Without honesty and trust, a relationship is pretty much doomed to fail. You can start by being honest and telling him that you snooped. Chances are he'll get defensive, probably even angry; just remember you have your own reasons for feeling upset by this, and make sure he knows that, too. Talk about how the trust in your relationship has been broken (by both sides), and see if you can't work out a way to repair the damage that's been done so you can move past this.
Keeping this to yourself will only make things worse. You'll just continue to feel hurt in secret, that pain will eventually turn to resentment - and that's basically where relationships go to die. Meanwhile your boyfriend will go about his life like he has done nothing wrong, when he needs to know that his behaviour is hurting you.
Long story short? You two need to talk about this - and sooner, rather than later. Good luck.
Totally agree with what said. When my husband and I dated we both had open access to each others phones, I'm pretty nosey myself (which still annoys him today with my "who are you talkin' to?" questions) but he was honest and open enough to let me dig through his phone or email or computer whenever I felt like it.
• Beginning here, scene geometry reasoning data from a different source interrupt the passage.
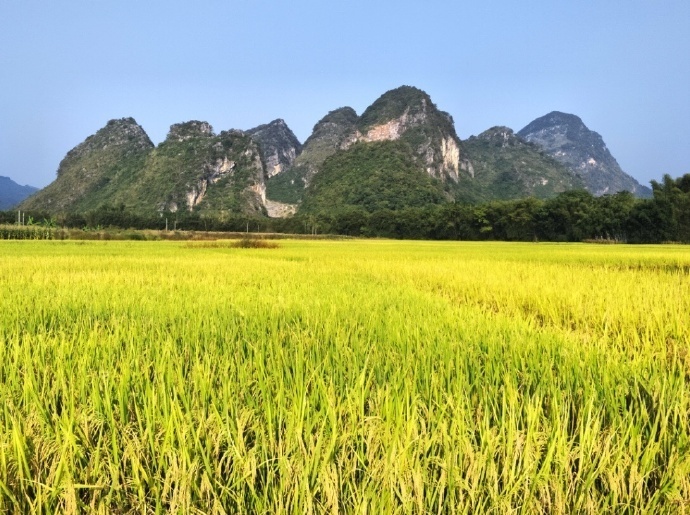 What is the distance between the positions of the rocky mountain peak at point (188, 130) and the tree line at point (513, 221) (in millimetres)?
63472

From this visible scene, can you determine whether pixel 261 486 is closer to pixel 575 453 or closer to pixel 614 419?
pixel 575 453

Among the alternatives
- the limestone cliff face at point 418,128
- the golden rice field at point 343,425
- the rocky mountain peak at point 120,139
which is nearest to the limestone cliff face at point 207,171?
the rocky mountain peak at point 120,139

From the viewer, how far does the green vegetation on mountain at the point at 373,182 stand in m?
118

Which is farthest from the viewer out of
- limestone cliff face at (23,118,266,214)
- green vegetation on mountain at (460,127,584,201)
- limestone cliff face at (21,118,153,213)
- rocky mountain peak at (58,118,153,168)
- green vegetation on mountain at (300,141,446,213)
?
rocky mountain peak at (58,118,153,168)

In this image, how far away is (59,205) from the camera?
158m

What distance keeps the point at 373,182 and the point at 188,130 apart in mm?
77268

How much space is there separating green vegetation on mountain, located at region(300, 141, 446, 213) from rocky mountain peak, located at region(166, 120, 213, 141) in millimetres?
48722

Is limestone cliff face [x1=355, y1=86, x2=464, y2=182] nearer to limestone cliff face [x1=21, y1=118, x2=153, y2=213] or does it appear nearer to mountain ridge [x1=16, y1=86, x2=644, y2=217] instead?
mountain ridge [x1=16, y1=86, x2=644, y2=217]

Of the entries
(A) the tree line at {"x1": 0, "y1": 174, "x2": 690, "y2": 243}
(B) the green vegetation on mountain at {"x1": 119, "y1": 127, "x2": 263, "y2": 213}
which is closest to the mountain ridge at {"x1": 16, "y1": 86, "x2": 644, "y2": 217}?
(B) the green vegetation on mountain at {"x1": 119, "y1": 127, "x2": 263, "y2": 213}

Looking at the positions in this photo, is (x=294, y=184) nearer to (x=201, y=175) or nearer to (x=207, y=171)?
(x=207, y=171)

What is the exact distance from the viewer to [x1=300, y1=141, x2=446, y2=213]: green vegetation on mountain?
117812 mm

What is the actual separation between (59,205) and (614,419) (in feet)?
622

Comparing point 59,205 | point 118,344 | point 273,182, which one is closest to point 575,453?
point 118,344

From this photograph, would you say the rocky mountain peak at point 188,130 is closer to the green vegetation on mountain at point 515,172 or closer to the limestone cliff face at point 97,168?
the limestone cliff face at point 97,168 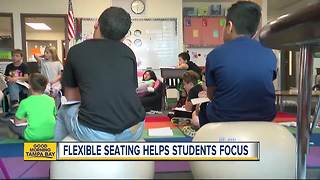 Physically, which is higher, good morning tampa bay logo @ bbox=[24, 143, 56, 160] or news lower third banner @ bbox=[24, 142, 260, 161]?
news lower third banner @ bbox=[24, 142, 260, 161]

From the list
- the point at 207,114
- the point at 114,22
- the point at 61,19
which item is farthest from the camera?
the point at 61,19

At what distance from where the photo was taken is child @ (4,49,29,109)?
214 inches

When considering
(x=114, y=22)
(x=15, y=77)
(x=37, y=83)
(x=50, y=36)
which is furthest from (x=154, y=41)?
(x=114, y=22)

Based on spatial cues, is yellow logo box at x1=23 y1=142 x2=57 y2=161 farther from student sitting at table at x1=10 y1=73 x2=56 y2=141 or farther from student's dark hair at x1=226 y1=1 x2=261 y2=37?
student sitting at table at x1=10 y1=73 x2=56 y2=141

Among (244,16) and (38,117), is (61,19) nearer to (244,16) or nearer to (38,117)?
(38,117)

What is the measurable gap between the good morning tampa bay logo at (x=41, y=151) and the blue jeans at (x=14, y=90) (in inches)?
156

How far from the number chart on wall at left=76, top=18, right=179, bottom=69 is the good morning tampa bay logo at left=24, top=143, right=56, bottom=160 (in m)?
5.83

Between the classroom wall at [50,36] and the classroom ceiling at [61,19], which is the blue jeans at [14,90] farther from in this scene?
the classroom wall at [50,36]

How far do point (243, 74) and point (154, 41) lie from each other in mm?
6033

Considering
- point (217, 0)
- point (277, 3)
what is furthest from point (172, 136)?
point (277, 3)

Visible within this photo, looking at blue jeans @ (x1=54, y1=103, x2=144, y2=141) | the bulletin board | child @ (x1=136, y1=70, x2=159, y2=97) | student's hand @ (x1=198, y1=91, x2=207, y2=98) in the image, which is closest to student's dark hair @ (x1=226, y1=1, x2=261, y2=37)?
blue jeans @ (x1=54, y1=103, x2=144, y2=141)

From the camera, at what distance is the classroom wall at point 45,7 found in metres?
7.08

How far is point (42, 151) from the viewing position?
1.62m

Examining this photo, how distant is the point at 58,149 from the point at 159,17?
6.35 metres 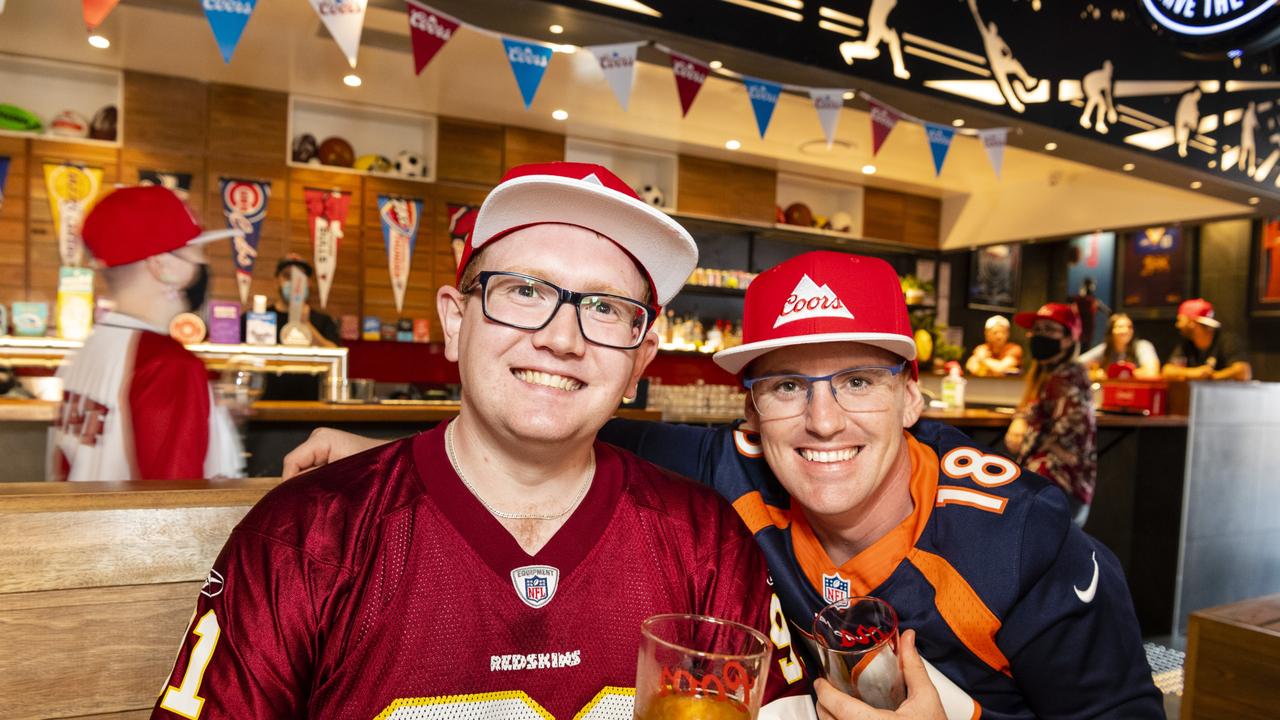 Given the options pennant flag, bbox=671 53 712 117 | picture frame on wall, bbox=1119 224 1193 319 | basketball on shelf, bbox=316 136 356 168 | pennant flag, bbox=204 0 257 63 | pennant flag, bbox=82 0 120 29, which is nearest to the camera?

Same with my stuff, not that he ever cared to go through my stuff (I'm just really nosey) but if there isn't a level of trust or you find things that are "hidden" then it just strikes me as not being fully honest.
Also, Maybe its just me, but I think its kinda weird if he's only had the phone since you've been dating that he would have photos of his Exes locked away in a locked app?
I'd say to just talk to him about it. Like Sparkie said. It's a little odd that he's still got those locked away. Maybe asking for an explanation will help?
I've kind of done the same, and I honestly do not know how to approach it. My boyfriend left his facebook up once .. and I just got overly curious. He's been speaking to his ex because she messaged him about the two of them and he had said he regretted what he did. I know if I approach him about it, he will get extremely angry with me. I just don't know how to go about it. I feel he still has feelings for her and it hurts me a great deal. He has a pretty nasty temper and is really defensive.
I know what I did was wrong, and its been eating at me ever since. But I do not have the courage to approach him about it.